Yaoundé, premières gorgées

 

Yaoundé4

J’ai du mal à exprimer clairement cette ville, avec des mots précis et des expressions claires. 

Si d’ordinaire je trouve facilement mes marques dans les villes, et ce quelque soit leur taille, j’ai ici du mal à me repérer.

Ces difficultés sont d’abord dues aux plans et aux cartes, toujours incomplètes car ne figurant que les rues et les quartiers formels, là où la ville est constituée principalement de quartiers spontanés, dans lesquels les chemins de terre chaotiques, tantôt véritables artères, tantôt slaloms à travers les baraques ou la végétation, se substituent aux voies bitumées. Impossible donc d’évoluer à travers l’anarchie, de manière ordonnée. Si encore on pouvait repérer des points cardinaux ou des repères urbains pour s’orienter…

Mais la ville a cette deuxième caractéristique d’un relief tumultueux et répétitif, de collines et de vallées, qui brouillent la vue globale et perturbent l’orientation. Sans parler des routes qui zigzaguent comme elles peuvent, dans de drôles de détours sur cette géographie mouvementée.

Enfin et c’est peut-être ce qui m’empêche le plus au jour d’aujourd’hui de comprendre cette entité étrangère, s’y promener de manière continue et fluide s’avère chose compliquée. L’accès aux quartiers spontanés qui représentent 60% de la capitale[1] - et qu’on appelle un peu trop communément chez nous « bidonvilles » - est peuplé d’obstacles physiques et humains. A plusieurs reprises on nous déconseille où l’on nous interdit carrément leur accès, de manière bienveillante ou menaçante, sous prétexte d’un danger certain.

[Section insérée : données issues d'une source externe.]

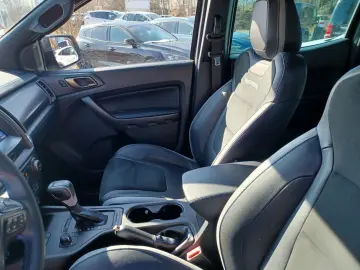 FORD Ranger Raptor    TOP   STHZ    mit Garantie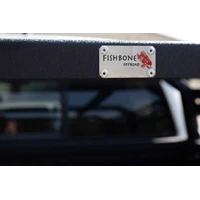 1988-Current Chevy/GMC 61 Inch Tackle Rack Short Bed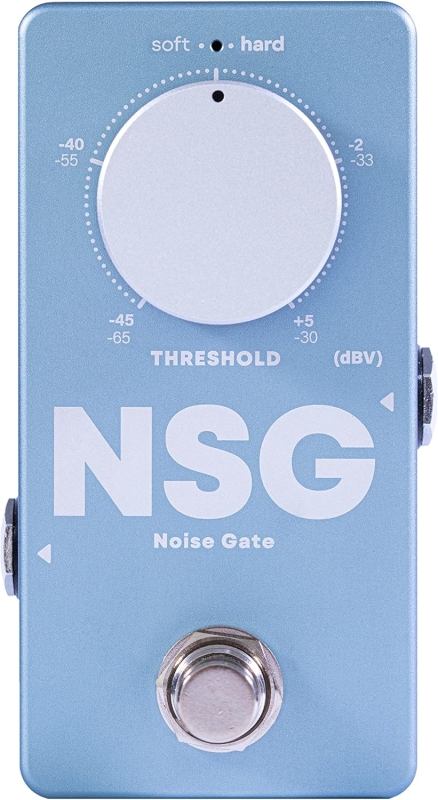 Darkglass Electronics NSG Noise Gate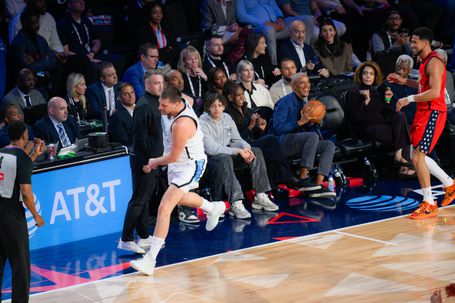 Michelle e Barack Obama viram Mery Andrade fazer história na primeira fila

Comment comprendre ce territoire, sans voir et appréhender ces blocs, morceaux entiers de l’anatomie urbaine ? Fourmillants de vie et de débrouille mais sacrément précaires, ils sont représentatifs d’une tradition –celle de bâtir sa maison – et d’une nécessité – celle de s’approprier une terre pour habiter, quand l’Etat ne peut subvenir aux besoins en termes de logement.

Yaoundé2

Outre la compréhension, il reste les impressions. Les premières sont toujours les plus vives. Alors qu’un taxi nous transporte à toute allure de l’aéroport à la maison de Pascal et Léa (et la marmaille et les employés : famille camerounaise d’accueil pour ces deux mois et des patates), la ville se dessine progressivement à travers la végétation ; de manière très disséminée au départ, les bâtisses semblent isolées le long de ce qui est un axe majeur. Au fur et à mesure, un peu plus de concentration, même si ce sont toujours des unités, quelque peu éparpillées et jamais vraiment unifiées, qui font office de front bâti le long de la route. Un tronçon concentre bars et restaurants, ceux-ci, complètement ouverts se répandent sur le trottoir, animant joyeusement la nuit de leurs musiques et lumières multicolores. C’est au sommet de l’une des 7 collines de la ville, que l’on peut embrasser du regard une bonne partie de cette flaque construite dont les lumières scintillent faiblement. La ville semble complètement plate, seul son relief lui confère quelques hauteurs. Après les villes chinoises, le changement est un peu radical… Le taxi poursuit sa route jusqu’à s’arrêter dans un quartier résidentiel très calme, éclairé de quelques lampadaires où pas un chat ne rôde. Nous sommes devant une maison entourée de murs haut de 3m, surmontés de barbelés et surveillé par un gardien. De toute évidence l’insécurité règne chez les plus riches d’un pays aux violents contrastes.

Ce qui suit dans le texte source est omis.